Here are five facts you should know about NASA's Stardust-NExT spacecraft as it prepares for a Valentine's "date" with comet Tempel 1. Feel free to sing along!
1. "The Way You Look Tonight" – The spacecraft is on a course to fly by comet Tempel 1 on Feb. 14 at about 8:37 p.m. PST (11:37 p.m. EST) -- Valentine's Day. Time of closest approach to Tempel 1 is significant because of the comet's rotation. We won't know until images are returned which face the comet has shown to the camera.
2. "It's All Coming Back To Me Now" – In 2004, Stardust became the first mission to collect particles directly from a comet, Wild 2, as well as samples of interstellar dust. The samples were returned in 2006 via a capsule that detached from the spacecraft and parachuted to the ground at a targeted area in Utah. Mission controllers then placed the still-viable Stardust spacecraft on a flight path that could reuse the flight system, if a target of opportunity presented itself. Tempel 1 became that target of opportunity.

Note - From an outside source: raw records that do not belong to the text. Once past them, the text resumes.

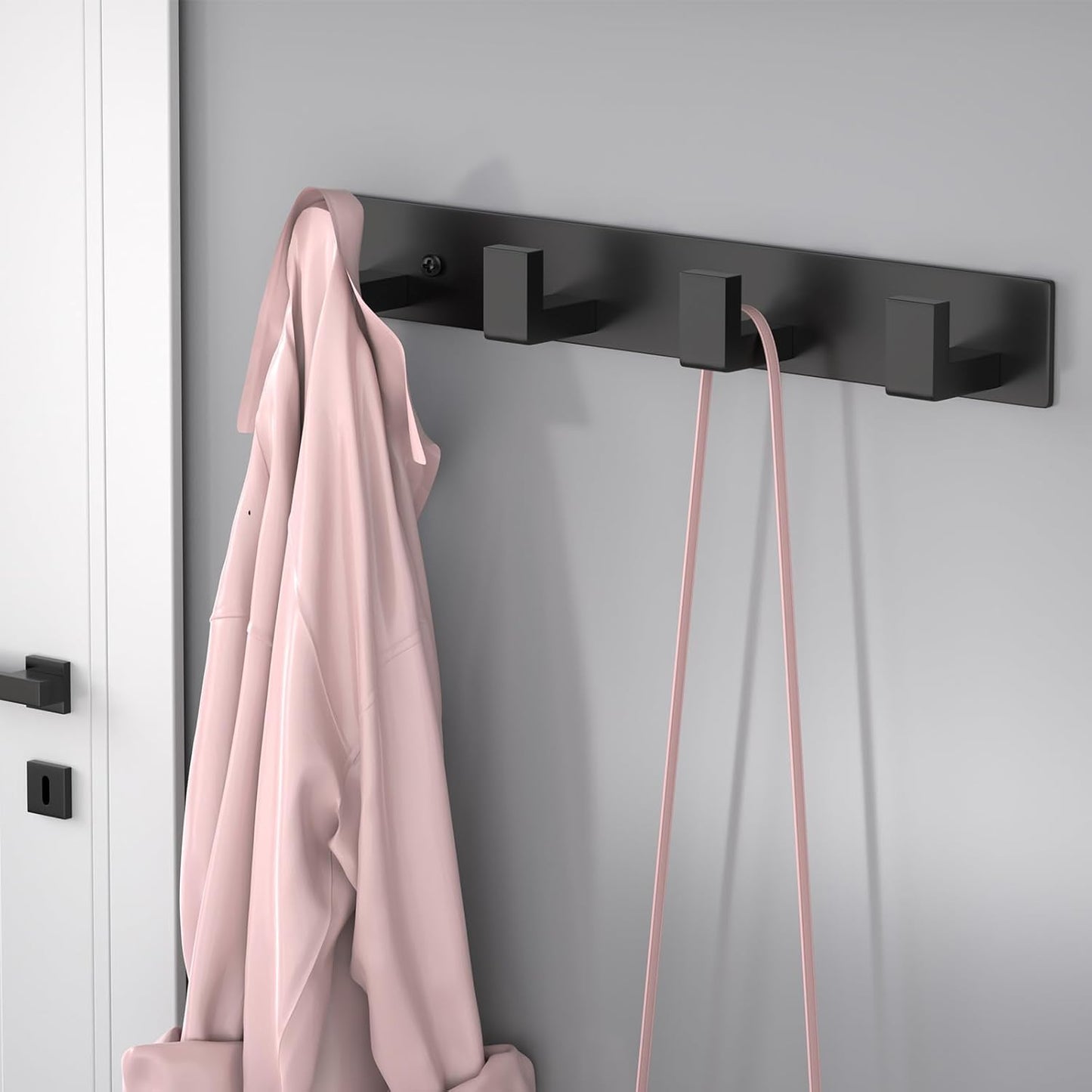 PMMASTO Coat Rack Wall Mount, Coat Hooks Wall Hooks for Hanging, Stainless Steel Coat Hanger Towel Hooks for Bathrooms, Coat Rack Hat Rack (Black 4 Hooks, 2 Pack)
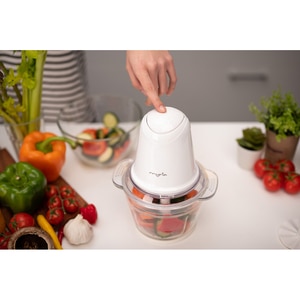 Mini tocator MYRIA MY4069, 1l, 500W, 2 trepte viteza, alb Mini tocator MYRIA MY4069, 1l, 500W, 2 trepte viteza, alb
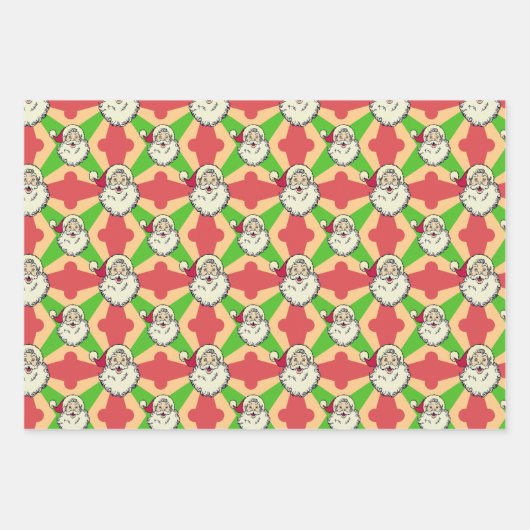 Santa Retro Lines Dots Weihnachten Geschenkpapier Set (Vorderseite)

3. "The First Time Ever I Saw Your Face" – The Stardust-NExT mission will allow scientists for the first time to look for changes on a comet's surface that occurred after one orbit around the sun. Tempel 1 was observed in 2005 by NASA's Deep Impact mission, which put an impactor on a collision course with the comet. Stardust-NExT might get a glimpse of the crater left behind, but if not, the comet would provide scientists with previously unseen areas for study. In addition, the Stardust-NExT encounter might reveal changes to Tempel 1 between Deep Impact and Stardust-Next, since the comet has completed an orbit around the sun.

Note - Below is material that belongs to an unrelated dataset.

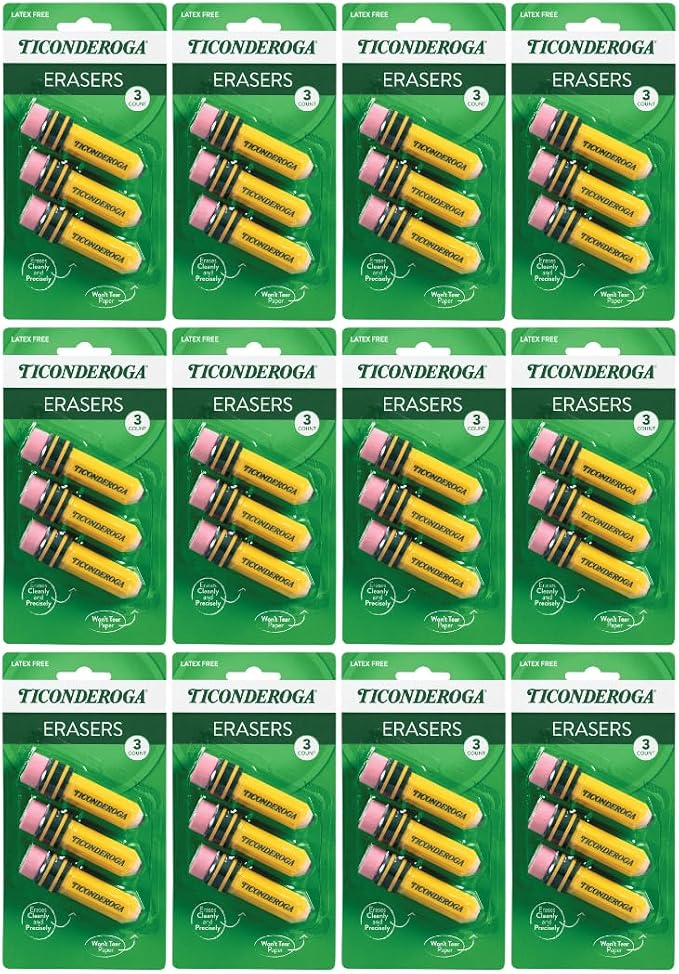 Ticonderoga Pencil Shaped Erasers, 3 Erasers/Pack, 12 Packs | Yellow, 0.75" x by Ticonderoga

4. "The Wind Beneath My Wings" – This Tempel 1 flyby will write the final chapter of the spacecraft's success story. The aging spacecraft approached 12 years of space travel on Feb. 7, logging almost 6 billion kilometers (3.5 billion miles) since launch. The spacecraft is nearly out of fuel. The Tempel 1 flyby and return of images are expected to consume the remaining fuel.
5. "Love is Now the Stardust of Yesterday" – Although the spacecraft itself will no longer be active after the flyby, the data collected by the Stardust-NExT mission will provide comet scientists with years of data to study how comets formed and evolved.